Surprise plan would transfer MC-12s to Army
Posted : Monday Jul 18, 2011 7:29:03 EDT
Army and Air Force officials admitted the proposed transfer of the MC-12 Liberty program surprised each service when it appeared in a bill passed by the Senate Armed Services Committee.
It is rare that Congress surprises U.S. military leaders, but the proposal has left both services scrambling to figure out how to transfer the program from the Air Force to the Army.
Liberty aircraft have collected aerial battlefield surveillance data over Iraq and Afghanistan since 2009.
“I wouldn’t use the word shocked but definitely surprised,” said Army Lt. Col. Kodjo Knox-Limbacker, with the Army Intelligence and Security Command’s Aviation and Air Sensors operations directorate.
He said the Army expects to know for sure in the next two months whether the service is absorbing the Liberty program. No date has been scheduled for the full Senate to vote on the 2012 defense authorization bill. The House Armed Services Committee did not include the proposal in its markup of the authorization bill.
Army officials anticipate the Air Force’s Liberty aircraft will replace the Enhanced Medium Altitude Reconnaissance Surveillance Systems aircraft that the Army expected to buy, Knox-Limbacker said.
Funding for EMARSS got slashed in defense authorization markups by the House and Senate Armed Services committees.

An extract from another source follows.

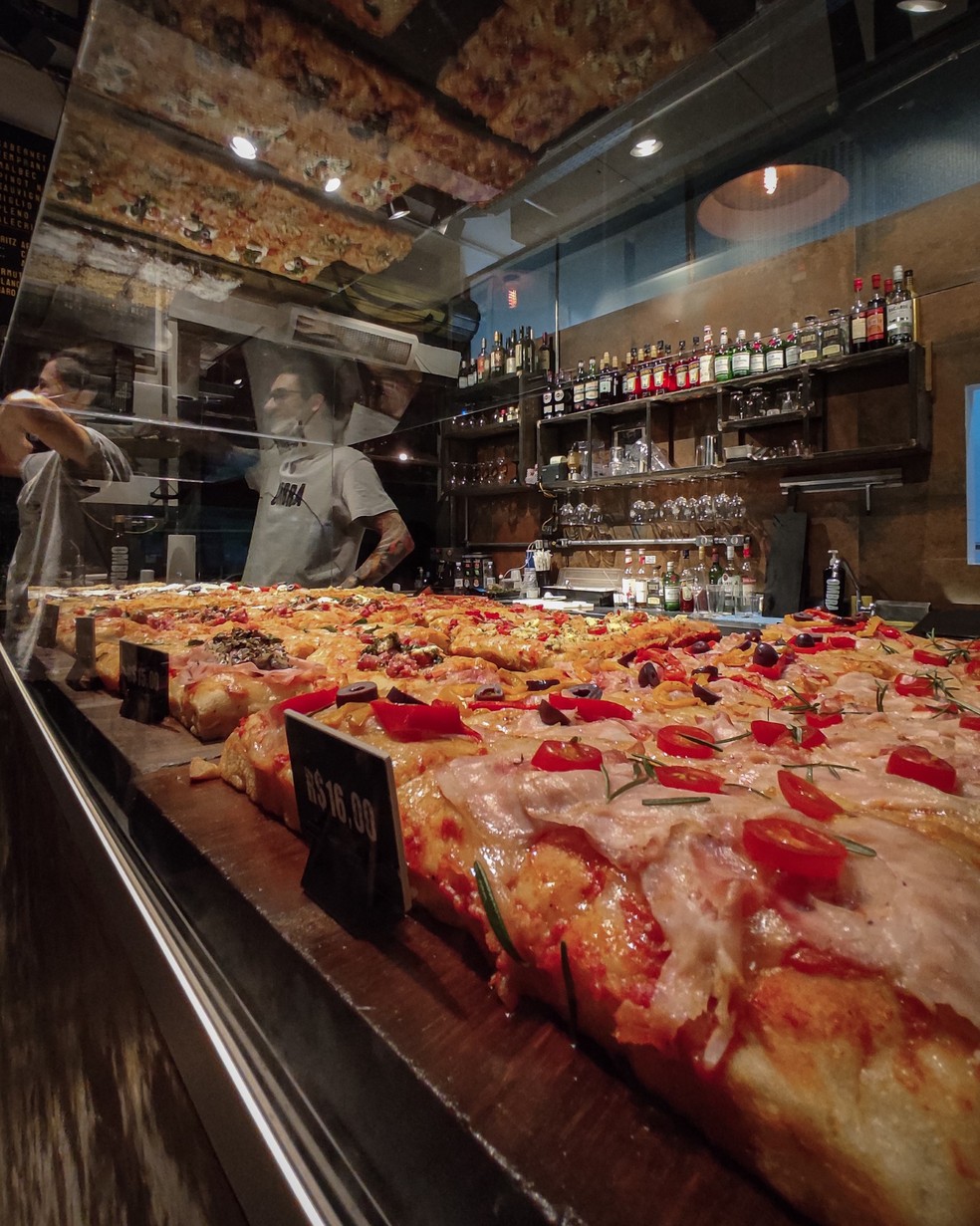 Le pizze alla romana vengono esposte sul bancone e finite in forno quando arrivano gli ordini - Immagine: Informativa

The House proposed cutting $524 million and the Senate $452 million from the $540 million laid out in the 2012 budget request to buy 18 aircraft.
Army EMARSS aircraft and Air Force Project Liberty MC-12s are both enhanced Hawker Beechcraft Super King Air 350s with intelligence, surveillance and reconnaissance sensors installed.
“EMARSS and Liberty ships are so similar [that] it makes sense,” Knox-Limbacker said.
It’s unclear when the transfer would occur. The amendment in the Senate markup requires Defense Secretary Leon Panetta to submit a report by 2013 “to develop and implement a plan for the orderly transfer” of the fleet. Panetta’s report also “must estimate the costs” the government would save by canceling the EMARSS program.
Former Pentagon chief Robert Gates launched Project Liberty in April 2008, after telling the Air Force War College that deploying ISR assets was like “pulling teeth.”
The Air Force recently took over the Army’s C-27J Spartan program and retained control of Liberty. When the Air Force took the helm of Project Liberty, it puzzled many Army officials. Army aviation had traditionally taken on the tactical ISR mission while the Air Force has focused on strategic missions. Liberty aircraft fly tactical missions with ground units.
In their first missions, the Air Force processing, exploitation and dissemination teams struggled while sending intelligence collected by the sensors aboard the Liberty aircraft to ground commanders, an Army official said. Many thought in those first few years that the Air Force and Army would form split teams, with Air Force pilots in the front and soldiers controlling the sensors and making radio calls to units in the back of each plane.
The Army has flown RC-12 Guardrails since the 1970s and now flies 136 in different configurations, such as the Medium Altitude Reconnaissance Surveillance System and Aerial Reconnaissance Multi- Sensor.
Knox-Limbacker said the Army is considering different options to train soldiers who will fly and operate the MC-12s if they’re transferred. Either the service will allow soldiers to train on the aircraft at a U.S. base, or it will maintain operations in Afghanistan and provide the training while deployed, he said.
The hardest part of the transfer may be synchronizing the communications equipment onboard the planes with the Army’s networks and “making sure we have those right,” Knox-Limbacker said.